The difference between the Burnette narrative and Neidhardt or Brown's is in the conception of Wovoka as 'the Christ.' The former frames Wovoka as a prophet predicting the return of a Indian Christ. The later two frame Wovoka as the Messiah himself. Both describe his return as an Indian because of white mistreatment of the original Jesus.
Sitting Bull has become the focus of this narrative because the dance was "wrongly attributed" to the "somewhat reticent" Sitting Bull by "paran[oid]" federal agents including James McLaughlin. McLaughlin used the dance as pretext for assassinating Sitting Bull, sarcastically described as a "triumph of BIA diplomacy" by Burnette and Koster.
Page's book includes the previous generation of Paiute "responses to a new, restricted world." In the 1860s Wodziwob (aka Fishlake Joe) learned from a trance that his people "create a new paradise by performing certain rituals..." especially a certain style of dance: hold hands in a circle and step to the left "five nights in a row and overall twenty times a year" dead Indians would return. This version of the Ghost Dance influenced many tribes of the west.
Page's narrative returns to familiar ground: Wovoka (aka the Woodcutter) had a vision while "cutting wood for use in a Nevada Mine near the Walker Reservation." This mine was owned by Wovoka's white parents the Wilsons. During this vision, God told Wovoka "to not fight, but to work with the white man, and to dance in the manner that Wodziwob had called for." Their reward was not in this life on a new Earth (like the Dee Brown narrative) it was "in the next life." Wovoka could make rain and was "invulnerable to gunshots."
Page acknowledges the Christ versus prophet distinction from Burnette and Koster, "Wovoka apparently did not think it appropriate that some of his visitors took him for the Christ come again." There is also a difference in the naming convention: Paiutes called it the Round Dance while everybody else (including the Sioux who brought it to Sitting Bull) called it the Ghost Dance. The change from Paiute round dance to Sioux ghost dance is where Page finds another transformation. Wovoka's dance was about hard work and reward in the next life. The Sioux dance was about "the destruction of the whites, the resurrection of the ancestors, and a nativist return to the pure old ways of the tribes." This is more like Wodziwob's dance from the 1860s.
Page ends his narrative with the "attempted....arrest [of] the old chief" and the Wounded Knee Massacre which followed, "as so often had happened in these encounters through the years, shots rang out, hell broke loose, and Indian men, women, and children wound up dead in the snow...some three hundred people."

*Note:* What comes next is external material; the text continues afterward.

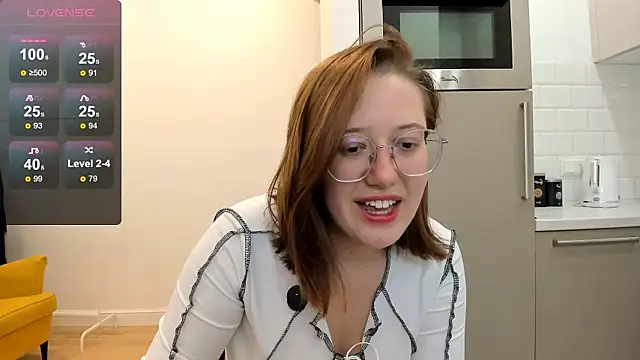 Charmy_Gracy webcam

Professor Warren (UC-Davis) described the environmental roots of the Ghost Dance movement. Anglo mine expansion impacted the supply of pine nuts and fresh water. Jack Wilson (Wovoka) had a spiritual experience--passed out and had a divine experience which combined indigenous shamanism and Christian ideology. In his trance Wovoka learned sacred revivalist songs from God. He brought these back to the Paiute. The Ghost Dance involved singing and dancing for long periods of time. It spread from the Paiute in Nevada to other native tribes such as the Lakota-Sioux in South Dakota. The feds and SoDaks interpreted it as a "war dance" which led to "panic and hysteria over an Indian uprising" in the Pine Ridge reservation. One of the resulting massacres was at Wounded Knee.
Treuer described the evolution of the Ghost Dance. Wovoka's original vision stressed peace among Indians and with whites, hard work and sobriety. When the Lakota received the dance "it had taken on a more millennialist flavor..." by executing the dance correctly its followers could find peace in a traditional world without white people. This inflamed the federal paranoia and they broke up the great reservation into five chunks "so that the Indians would have a harder time gathering..." Some other pressures included missionaries, allotment (the privatization of communal Indian land), the removal of Indian children for reeducation. Eventually they outlawed the Ghost Dance. McLaughlin was scared that Sitting Bull would combine his personal notoriety (earned at Little Big Horn) with the Ghost Dance fervor to end the peace of 1881. That's why Sitting Bull was to be arrested and instead was killed.